Every record must be retyped as it stands.
### Task data ###
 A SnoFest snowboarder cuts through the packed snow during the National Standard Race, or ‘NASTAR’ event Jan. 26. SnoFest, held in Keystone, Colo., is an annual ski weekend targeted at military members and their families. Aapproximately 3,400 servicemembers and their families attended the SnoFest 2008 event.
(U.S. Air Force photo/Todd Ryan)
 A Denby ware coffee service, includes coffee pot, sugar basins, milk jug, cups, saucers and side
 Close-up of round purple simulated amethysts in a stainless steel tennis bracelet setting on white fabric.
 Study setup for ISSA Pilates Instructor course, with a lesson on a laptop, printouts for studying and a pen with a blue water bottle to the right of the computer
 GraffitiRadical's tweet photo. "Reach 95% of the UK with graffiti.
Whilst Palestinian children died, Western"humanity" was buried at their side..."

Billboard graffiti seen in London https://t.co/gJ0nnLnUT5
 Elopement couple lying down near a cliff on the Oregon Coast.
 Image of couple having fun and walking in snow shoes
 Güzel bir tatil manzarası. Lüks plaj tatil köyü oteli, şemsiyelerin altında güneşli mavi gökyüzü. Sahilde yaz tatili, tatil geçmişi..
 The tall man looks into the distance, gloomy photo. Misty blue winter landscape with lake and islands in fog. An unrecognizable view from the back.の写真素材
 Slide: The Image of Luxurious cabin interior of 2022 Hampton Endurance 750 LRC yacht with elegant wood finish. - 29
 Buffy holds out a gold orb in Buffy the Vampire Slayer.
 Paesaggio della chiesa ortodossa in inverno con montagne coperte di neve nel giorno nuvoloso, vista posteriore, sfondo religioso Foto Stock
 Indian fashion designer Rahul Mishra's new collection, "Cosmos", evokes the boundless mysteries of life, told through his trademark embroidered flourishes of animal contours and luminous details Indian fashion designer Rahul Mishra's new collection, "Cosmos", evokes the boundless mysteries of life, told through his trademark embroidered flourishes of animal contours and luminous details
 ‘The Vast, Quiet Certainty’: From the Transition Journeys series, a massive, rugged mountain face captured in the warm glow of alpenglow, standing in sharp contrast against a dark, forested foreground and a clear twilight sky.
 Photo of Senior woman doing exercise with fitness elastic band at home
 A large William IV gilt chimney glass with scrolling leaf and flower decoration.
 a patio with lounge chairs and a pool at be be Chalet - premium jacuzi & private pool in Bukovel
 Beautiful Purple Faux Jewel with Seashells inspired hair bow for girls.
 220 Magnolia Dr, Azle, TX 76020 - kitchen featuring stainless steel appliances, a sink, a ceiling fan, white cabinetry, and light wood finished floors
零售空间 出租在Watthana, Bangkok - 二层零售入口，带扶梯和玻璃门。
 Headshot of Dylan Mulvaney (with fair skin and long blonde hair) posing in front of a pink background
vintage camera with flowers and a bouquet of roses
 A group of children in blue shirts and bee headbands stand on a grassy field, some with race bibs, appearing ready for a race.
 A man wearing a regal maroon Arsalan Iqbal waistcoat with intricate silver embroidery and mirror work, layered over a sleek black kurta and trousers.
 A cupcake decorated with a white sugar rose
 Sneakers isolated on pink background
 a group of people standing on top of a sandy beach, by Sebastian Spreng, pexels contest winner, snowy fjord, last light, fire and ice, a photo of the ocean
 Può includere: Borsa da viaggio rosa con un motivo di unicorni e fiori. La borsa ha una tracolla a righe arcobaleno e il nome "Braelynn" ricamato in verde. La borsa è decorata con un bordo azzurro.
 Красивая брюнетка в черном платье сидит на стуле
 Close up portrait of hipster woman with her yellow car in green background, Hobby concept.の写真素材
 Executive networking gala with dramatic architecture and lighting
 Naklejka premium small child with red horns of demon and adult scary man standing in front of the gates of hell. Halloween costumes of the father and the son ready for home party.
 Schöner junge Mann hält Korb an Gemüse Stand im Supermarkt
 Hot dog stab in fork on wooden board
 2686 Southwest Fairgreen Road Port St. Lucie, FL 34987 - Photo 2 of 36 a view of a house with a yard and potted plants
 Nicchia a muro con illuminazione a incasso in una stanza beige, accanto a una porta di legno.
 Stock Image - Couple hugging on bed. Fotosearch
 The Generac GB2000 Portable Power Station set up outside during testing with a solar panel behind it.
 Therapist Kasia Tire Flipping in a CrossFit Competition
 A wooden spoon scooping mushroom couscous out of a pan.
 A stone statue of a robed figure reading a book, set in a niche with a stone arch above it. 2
###
■ Solution to the exercise
 A SnoFest snowboarder cuts through the packed snow during the National Standard Race, or ‘NASTAR’ event Jan. 26. SnoFest, held in Keystone, Colo., is an annual ski weekend targeted at military members and their families. Aapproximately 3,400 servicemembers and their families attended the SnoFest 2008 event.
(U.S. Air Force photo/Todd Ryan)
 A Denby ware coffee service, includes coffee pot, sugar basins, milk jug, cups, saucers and side
 Close-up of round purple simulated amethysts in a stainless steel tennis bracelet setting on white fabric.
 Study setup for ISSA Pilates Instructor course, with a lesson on a laptop, printouts for studying and a pen with a blue water bottle to the right of the computer
 GraffitiRadical's tweet photo. "Reach 95% of the UK with graffiti.
Whilst Palestinian children died, Western"humanity" was buried at their side..."

Billboard graffiti seen in London https://t.co/gJ0nnLnUT5
 Elopement couple lying down near a cliff on the Oregon Coast.
 Image of couple having fun and walking in snow shoes
 Güzel bir tatil manzarası. Lüks plaj tatil köyü oteli, şemsiyelerin altında güneşli mavi gökyüzü. Sahilde yaz tatili, tatil geçmişi..
 The tall man looks into the distance, gloomy photo. Misty blue winter landscape with lake and islands in fog. An unrecognizable view from the back.の写真素材
 Slide: The Image of Luxurious cabin interior of 2022 Hampton Endurance 750 LRC yacht with elegant wood finish. - 29
 Buffy holds out a gold orb in Buffy the Vampire Slayer.
 Paesaggio della chiesa ortodossa in inverno con montagne coperte di neve nel giorno nuvoloso, vista posteriore, sfondo religioso Foto Stock
 Indian fashion designer Rahul Mishra's new collection, "Cosmos", evokes the boundless mysteries of life, told through his trademark embroidered flourishes of animal contours and luminous details Indian fashion designer Rahul Mishra's new collection, "Cosmos", evokes the boundless mysteries of life, told through his trademark embroidered flourishes of animal contours and luminous details
 ‘The Vast, Quiet Certainty’: From the Transition Journeys series, a massive, rugged mountain face captured in the warm glow of alpenglow, standing in sharp contrast against a dark, forested foreground and a clear twilight sky.
 Photo of Senior woman doing exercise with fitness elastic band at home
 A large William IV gilt chimney glass with scrolling leaf and flower decoration.
 a patio with lounge chairs and a pool at be be Chalet - premium jacuzi & private pool in Bukovel
 Beautiful Purple Faux Jewel with Seashells inspired hair bow for girls.
 220 Magnolia Dr, Azle, TX 76020 - kitchen featuring stainless steel appliances, a sink, a ceiling fan, white cabinetry, and light wood finished floors
零售空间 出租在Watthana, Bangkok - 二层零售入口，带扶梯和玻璃门。
 Headshot of Dylan Mulvaney (with fair skin and long blonde hair) posing in front of a pink background
vintage camera with flowers and a bouquet of roses
 A group of children in blue shirts and bee headbands stand on a grassy field, some with race bibs, appearing ready for a race.
 A man wearing a regal maroon Arsalan Iqbal waistcoat with intricate silver embroidery and mirror work, layered over a sleek black kurta and trousers.
 A cupcake decorated with a white sugar rose
 Sneakers isolated on pink background
 a group of people standing on top of a sandy beach, by Sebastian Spreng, pexels contest winner, snowy fjord, last light, fire and ice, a photo of the ocean
 Può includere: Borsa da viaggio rosa con un motivo di unicorni e fiori. La borsa ha una tracolla a righe arcobaleno e il nome "Braelynn" ricamato in verde. La borsa è decorata con un bordo azzurro.
 Красивая брюнетка в черном платье сидит на стуле
 Close up portrait of hipster woman with her yellow car in green background, Hobby concept.の写真素材
 Executive networking gala with dramatic architecture and lighting
 Naklejka premium small child with red horns of demon and adult scary man standing in front of the gates of hell. Halloween costumes of the father and the son ready for home party.
 Schöner junge Mann hält Korb an Gemüse Stand im Supermarkt
 Hot dog stab in fork on wooden board
 2686 Southwest Fairgreen Road Port St. Lucie, FL 34987 - Photo 2 of 36 a view of a house with a yard and potted plants
 Nicchia a muro con illuminazione a incasso in una stanza beige, accanto a una porta di legno.
 Stock Image - Couple hugging on bed. Fotosearch
 The Generac GB2000 Portable Power Station set up outside during testing with a solar panel behind it.
 Therapist Kasia Tire Flipping in a CrossFit Competition
 A wooden spoon scooping mushroom couscous out of a pan.
 A stone statue of a robed figure reading a book, set in a niche with a stone arch above it. 2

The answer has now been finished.